Years ago I read a history of Monaco in Belfast City library. It was an old book and when it was written Princess Grace had only just arrived in the picture. The history and meaning of Monaco is an interesting story, one worth reading. As I “departed”, I picked up my next book. Not only am I taking an imaginary trip around the Mediterranean, I’m in search of music and more recently I’ve been looking out literature.
“I Kill” by Giorgio Faletti is a 500+ page “whodunnit”. By coincidence rather than design, set in Monaco, featuring Radio Monte Carlo. A perfect bridge. Faletti is from Piedmont (again lucky coincidence). Surprisingly, I am enjoying the book a lot more than the music in this area. To research the music in the North West of Italy, I have been trawling through some wonderful, exciting and extraordinary music from other parts of the country.

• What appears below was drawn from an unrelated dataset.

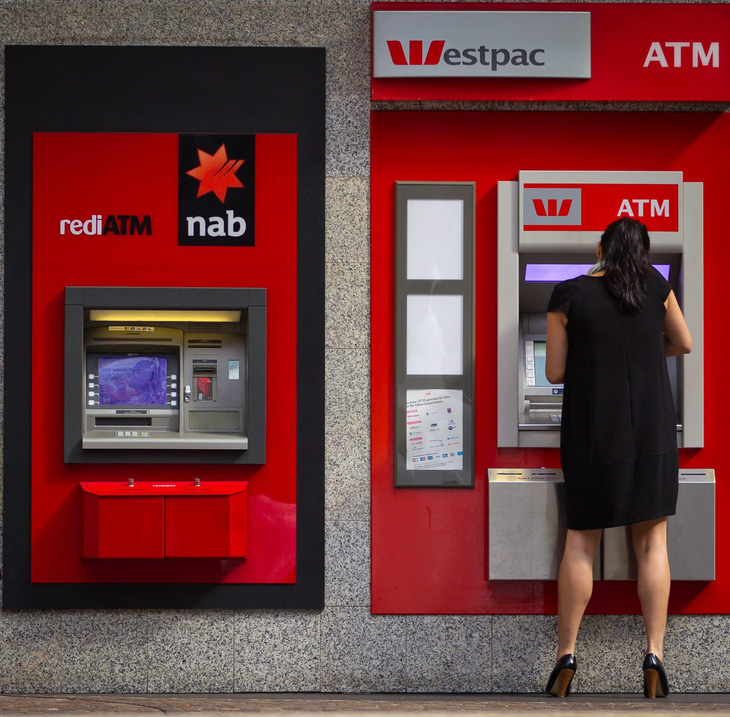 Hai ngân hàng lớn của Australia từ chối tham gia lĩnh vực tiền điện tử - Ảnh 1.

I find much of the music formal and I don’t usually expect formality in roots/ethno/folk music. Initially I had a longer list. Listening back I dropped five or six pieces, simply because I didn’t like them. Therefore the tribute I shall pay to this area will be short before heading toward west central Italy; Rome and Naples.

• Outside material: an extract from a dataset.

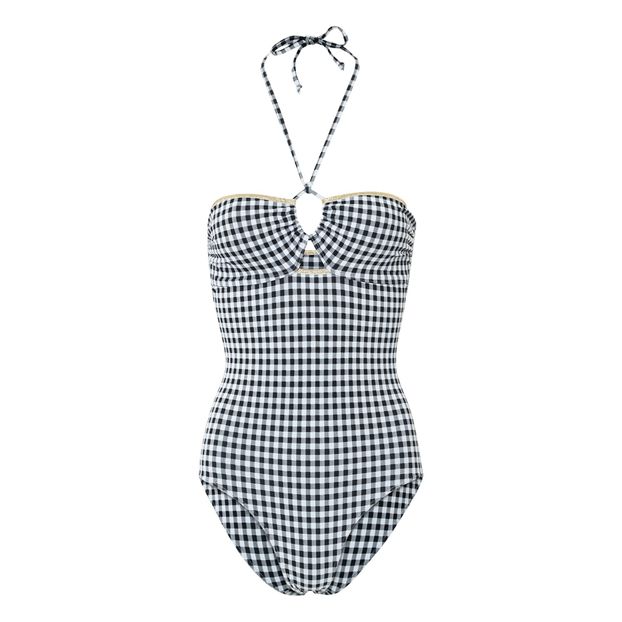 Maillot Une Pièce Elsa Vichy-product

Here’s the list. The majority of bands are from Turin. Most of the music I dropped was from Piedmont. Like parts of Mediterranean Spain and France Piedmont is Occitan country, but I much preferred the music in the former two countries. There is one song here from Bologna which is sort of the middle of the Italy. Italy is about 200 Km from one side to the other. When we get to the North East, I’ll include more from Bologna, I expect.
There are a couple of revolutionary folk songs from mid 20th century to add some perspective.
Cantovivo – Turin
La Lionetta – Turin/Piedmont
Lou Dalfin – Turin
Alessio Lega – Turin
Fausto Amode – Turin
Riccardo Tesi – Pistoia, Tuscany
Fabrizio De André – Genoa
Mezcal Trio – Bologna
Fausto Amodei – Turin
Michele L Straniero – Turin
But stick with me – the further south we go in Italy the more exciting the music becomes and more interesting the culture behind it, especially where there is a Greek dialect spoken.
One thing I have learned for sure, Italian “reggae” is even worse than Spanish “reggae”. French rap is better than both.
A note of Flags – there are lots to choose from, here as there doesn’t appear to be a unity flag of North West Italy. I’ve chosen the flag of Turin as the image on the home page … and here.